FRANK MORANSKI AND BEVERLY MORANSKI, PLAINTIFFS :
v.
ENCOMPASS INS. CO. OF AMERICA TRADING AND DOING
BUSINESS AS ENCOMPASS INSURANCE, ENCOMPASS INS.
CO., ENCOMPASS HOME AND AUTO INS. CO., AND ENCOMPASS INDEMNITY CO., DEFENDANTS



The opinion of the court was delivered by: Judge Munley

MEMORANDUM

Before the court for disposition are the plaintiffs' objections to the report and recommendation of Magistrate Judge William T. Prince, which recommends that the defendants' motion to dismiss Count III of the plaintiffs' complaint be granted. The matter has been fully briefed and is ripe for disposition.

BACKGROUND*fn1

This case arises out of the manner in which Defendant Encompass Insurance Company of America ("Encompass"), insurer for the home of Plaintiffs Frank and Beverly Moranski ("the Moranskis"), handled a claim under plaintiffs' homeowner's policy of insurance.

The Moranskis held an insurance policy covering their home that was issued by Encompass. (Compl. ¶¶ 4--7 (Doc. 1)). On May 16, 2009, the Moranskis' home and personal property were substantially destroyed by a fire, an occurrence that Encompass does not dispute triggered coverage. (Id.¶ 14). Although Encompass valued the loss at $330,000.00, it only paid out $197,317.03, reflecting a "depreciat[ion] without full explanation."
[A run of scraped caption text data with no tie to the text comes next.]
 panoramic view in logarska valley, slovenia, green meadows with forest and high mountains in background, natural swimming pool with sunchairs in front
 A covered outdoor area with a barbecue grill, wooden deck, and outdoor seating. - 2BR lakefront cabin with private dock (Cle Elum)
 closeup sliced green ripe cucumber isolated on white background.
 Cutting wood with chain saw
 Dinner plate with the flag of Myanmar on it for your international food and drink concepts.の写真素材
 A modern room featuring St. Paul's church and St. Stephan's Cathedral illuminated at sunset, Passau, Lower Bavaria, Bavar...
(Id.¶¶ 17--18). Encompass had delayed making payment on the policy until October 2009, when counsel for the Moranskis submitted a written demand for payment; "[i]mmediately following contact" from the Moranskis' counsel, Encompass "issued a check for the undisputed amount." (Id.¶¶ 18--20). Further, Encompass "attempted" to cancel the policy "simply because a claim was made thereupon." (Id.¶ 39).
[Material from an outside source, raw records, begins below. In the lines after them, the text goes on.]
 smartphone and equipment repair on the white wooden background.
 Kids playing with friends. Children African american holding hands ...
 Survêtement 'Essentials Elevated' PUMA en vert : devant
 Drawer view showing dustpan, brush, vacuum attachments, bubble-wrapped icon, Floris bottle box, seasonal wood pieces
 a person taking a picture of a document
This case originated with the filing of the complaint on May 14, 2010. (Doc. 1). On July 16, 2010, Encompass filed a motion to dismiss or in the alternative for a more definite statement of Count III, which alleges a violation of Pennsylvania's Unfair Trade Practices and Consumer Protection Law ("UTPCPL"), 73 PA. STAT. §§ 201-1 to 201-9.3 (2008). (Doc. 6). The motion was referred to Magistrate Judge Prince who issued a report and recommendation on January 11, 2011. (Doc. 13). The plaintiffs have objected to the report and recommendation, bringing the case to its present posture.

JURISDICTION

Plaintiffs reside in, and are citizens of Pennsylvania. Defendants are insurance companies incorporated under the law of Illinois and have their principal places of business in Illinois. Thus, Defendants are citizens of Illinois. Because there is complete diversity of citizenship between the parties and the amount in controversy exceeds $75,000.00, the court has jurisdiction over the case. See 28 U.S.C. § 1332 ("district courts shall have original jurisdiction of all civil actions where the matter in controversy exceeds the sum or value of $75,000, exclusive of interest and costs, and is between . . . citizens of different States[.]").

LEGAL STANDARD

In disposing of objections to a magistrate judge's report and recommendation, we make a de novo determination of those portions of the report to which objections are made. 28 U.S.C. § 636 (b)(1)(C); see also Henderson v. Carlson, 812 F.2d 874, 877 (3d Cir. 1987). This court may accept, reject, or modify, in whole or in part, the findings or recommendations made by the magistrate judge. We may also receive further evidence or recommit the matter to the magistrate judge with instructions. Id.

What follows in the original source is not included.